# TASK GOAL
Transcribe exactly, and only, the lines running from the one that contains "Knuffeldoekje Ster met bladeren motief" through the last line of the material. No pictures.

-------

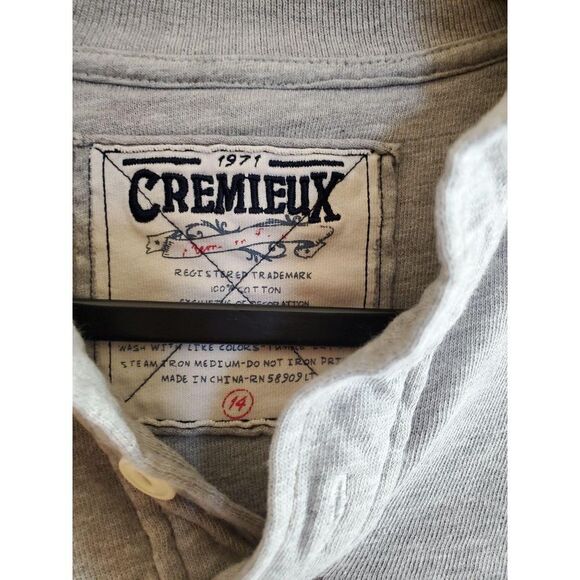 Daniel Cremieux Boys Shirt Grey 14 Pullover 1/4 Henley Sweatshirt - Picture 3 of 5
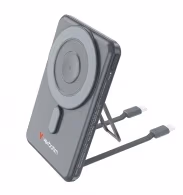 PowerBank externa magnetic cu fir si fara fir Verbatim Charge 'n' Go Two / 5000 mAh / Gray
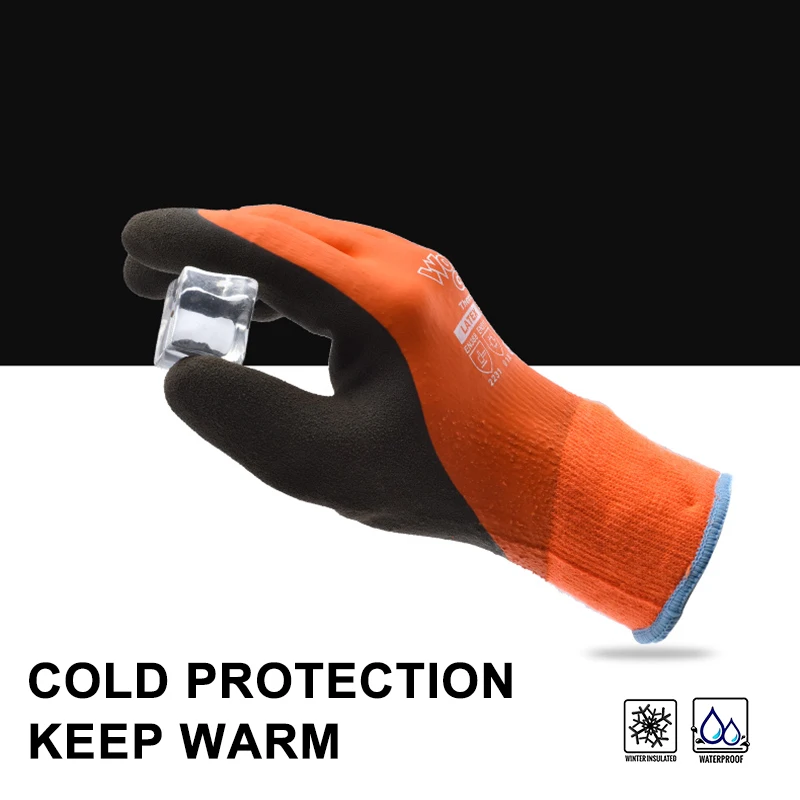 Wonder Grip Thicken Garden Working Gloves Coldproof Work Gloves Double Layer Latex Coated Protection Gardening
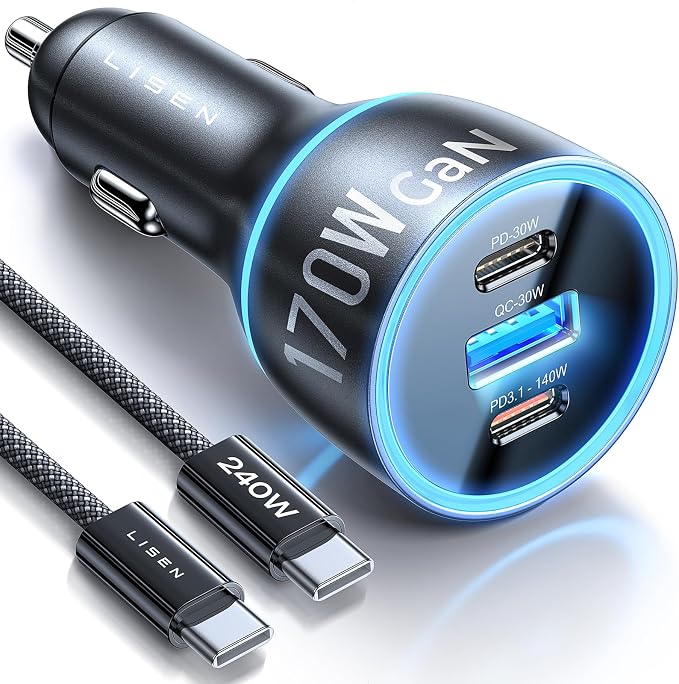 LISEN 170W Car Charger USB C Fast Charging by Lisen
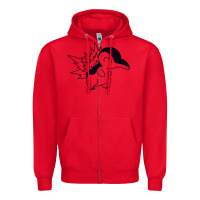 Red cyndaquil Zipper Hoodie - linhVisuals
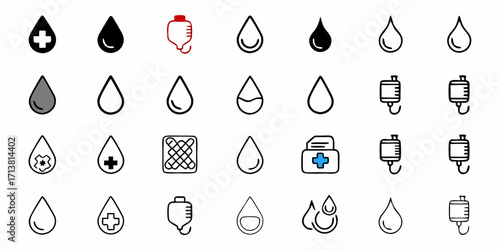 Medical icons featuring blood drops, IV bags, and crosses for healthcare and donation themes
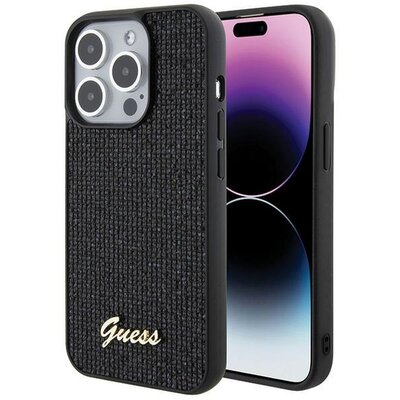 Eredeti tok GUESS GUHCP15LPMSDGSK for iPhone 15 PLUS (Disco Script Metal / black)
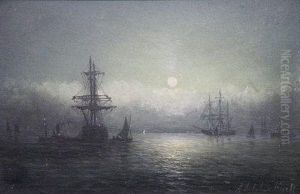 Moored Sailing Ships By Moonlight by William Adolphu Knell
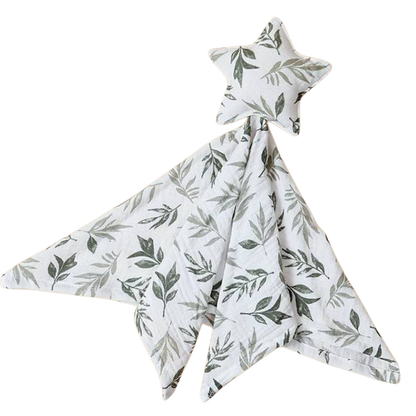 Knuffeldoekje Ster met bladeren motief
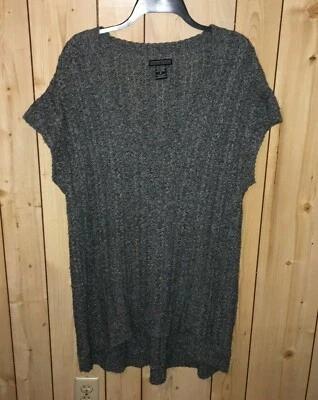 Suéter tejido Lauren Hansen para mujer mezcla de algodón lana XL gris blanco alto bajo Foto 1 de 4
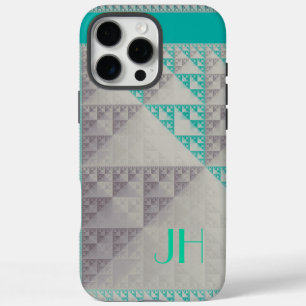 Funda iPhone 16 Pro Max Patrones geométricos y monograma Personalizado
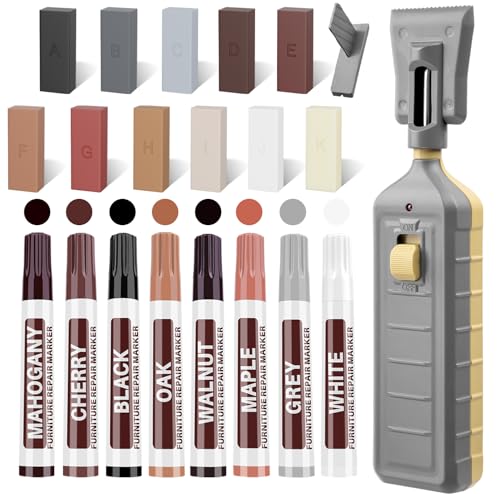 Hardwood Floor Repair Kit with Heat Pen, Laminate Vinyl Floor Repair Kit, 11 Colors Linoleum Floor Hard Wax Furniture Touch Up Marker Pen Scratches Repair Remover for Cracks,Holes,Door,Table,Cabinet - color: 11 Colors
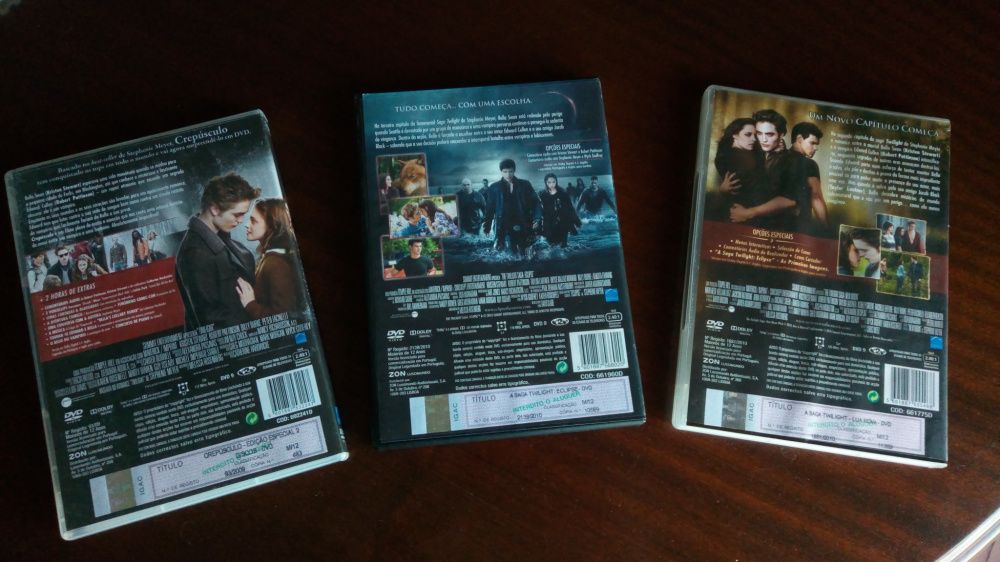 DVD's Crepúsculo, Eclipse e Lua Nova da Saga Twilight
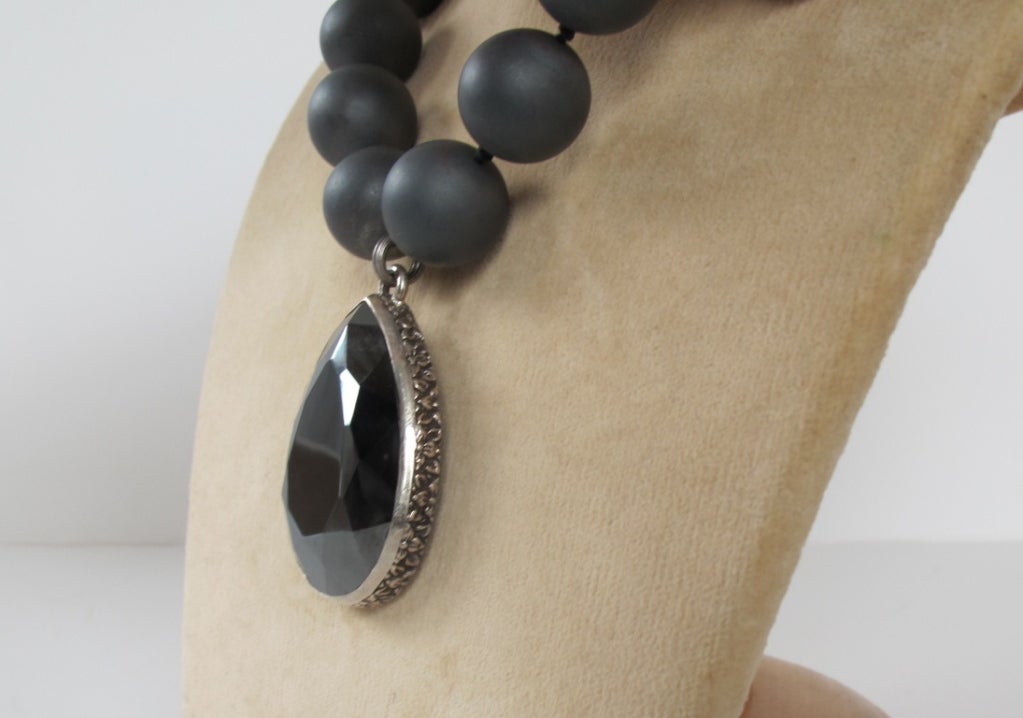 1980's Stephen Dweck Sterling Silver Faceted Hematite Necklace For Sale 1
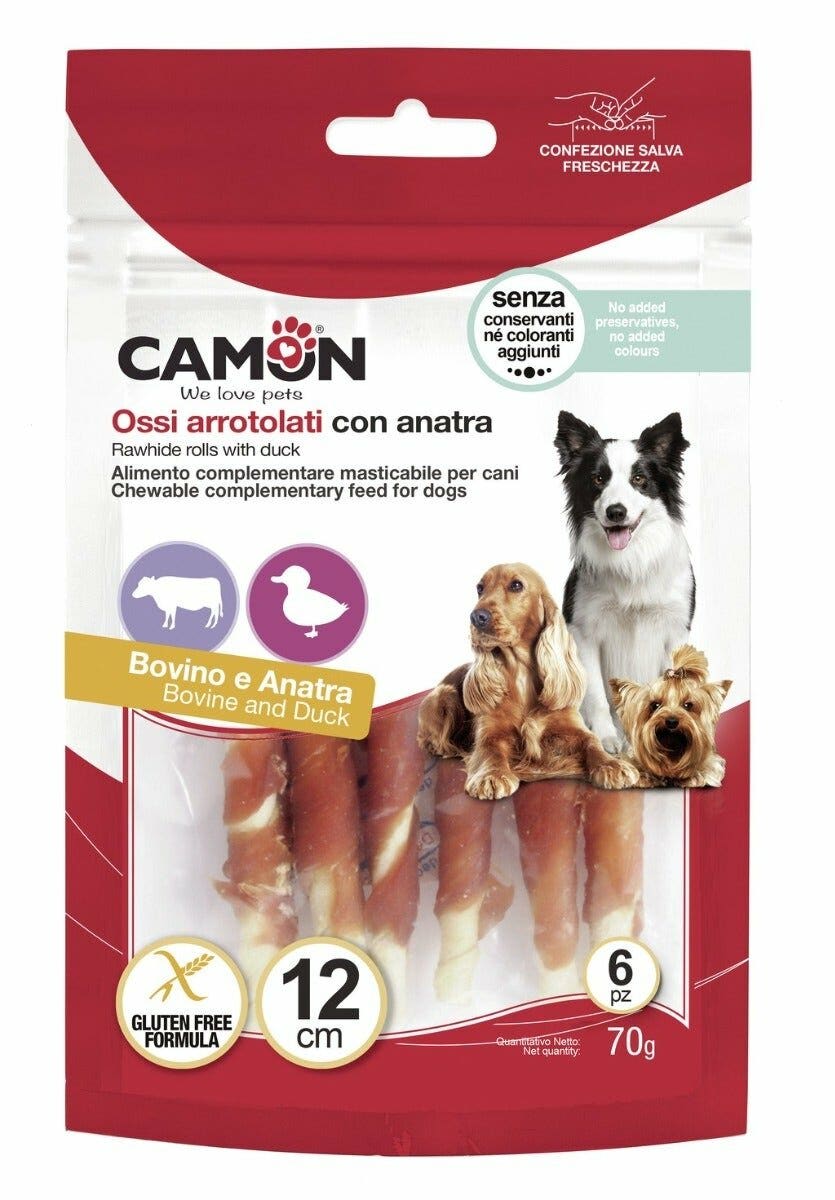 Camon Rolls di Pelle Bovina con Anatra 17cm 140g-3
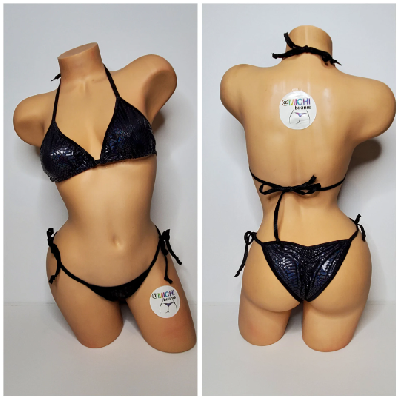 Black Snake Skin Pattern w Black Trim  2 Piece Micro String Bikini Set One Size-7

-------

# WRITTEN SOLUTION
 Knuffeldoekje Ster met bladeren motief
 Suéter tejido Lauren Hansen para mujer mezcla de algodón lana XL gris blanco alto bajo Foto 1 de 4
 Funda iPhone 16 Pro Max Patrones geométricos y monograma Personalizado
 Hardwood Floor Repair Kit with Heat Pen, Laminate Vinyl Floor Repair Kit, 11 Colors Linoleum Floor Hard Wax Furniture Touch Up Marker Pen Scratches Repair Remover for Cracks,Holes,Door,Table,Cabinet - color: 11 Colors
 DVD's Crepúsculo, Eclipse e Lua Nova da Saga Twilight
 1980's Stephen Dweck Sterling Silver Faceted Hematite Necklace For Sale 1
 Camon Rolls di Pelle Bovina con Anatra 17cm 140g-3
 Black Snake Skin Pattern w Black Trim  2 Piece Micro String Bikini Set One Size-7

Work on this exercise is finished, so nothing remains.